A Short History of Quantum Reference Frames, Part 2

Yesterday, I began outlining the history of quantum reference frames beginning with Marco Toller’s paper in 1977. What we saw was two, somewhat separate lines of development. The first was a direct line from Toller through Rovelli and back again to Toller, in which a generalized (and distinctly operational) notion of a reference frame is developed that covers both quantum and classical systems. The second was a line beginning with Holevo and leading up through Peres and Scudo, in which a protocol is developed for sending information about a Cartesian coordinate system via a quantum channel.

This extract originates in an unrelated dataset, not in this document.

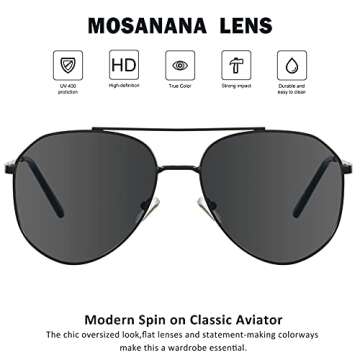 mosanana Aviator Sunglasses for Women Men Trendy Oversized Black Retro Vintage Cool Big Cute Funky F...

The question I have is, where do the lines converge? Specifically, when on the informational side do people start referring to reference frames in the more general sense? Pinpointing an exact instance is difficult, but an early paper by Bartlett, Rudolph, and Spekkens (hereafter referred to as BRS) in 2003 seems to suggest that Toller’s idea had made its way into the quantum information community by that time. The first few sentences of their paper read:

Quantum physics allows for powerful new communication tasks that are not possible classically, such as secure communication and entanglement-enhanced classical communication. In investigations of these and other communication tasks, considerable effort has been devoted to identifying the physical resources that are required for their implementation. It is generally presumed, at least implicitly, that a shared reference frame (SRF) between the communicating parties is such a resource, with the precise nature of the reference frame being dictated by the particular physical systems involved.

The emphasis on the word ‘physical’ in the second sentence is theirs. The emphasis in the last sentence is mine and meant to show that Toller’s idea had gained some traction in the QI community by then. In a meaty review article published in 2007, BRS offered a slightly different take on Toller’s notion of a reference frame (and notably still did not cite his work which makes me wonder if they were and still are unaware of it, or if they disagreed with his definition to some extent). They refer back to the work by Peres and Scudo and define two types of information: fungible and nonfungible (referred to by Peres and Scudo as ‘speakable’ and ‘unspeakable’ respectively). Fungible information is typically classical and refers to information for which the means of encoding does not matter. The example they give is that Shannon’s coding theorems don’t care one way or the other how the 0’s and 1’s are encoded (e.g. by magnetic tape or by voltages or some other manner). So this is fungible information. If, on the other hand, the encoding of information does make a difference to the information being encoded, then that information is said to be nonfungible (unspeakable). BRS then note that

[w]e refer to the systems with respect to which unspeakable/nonfungible information is defined, clocks, gyroscopes, metre sticks and so forth, as reference frames.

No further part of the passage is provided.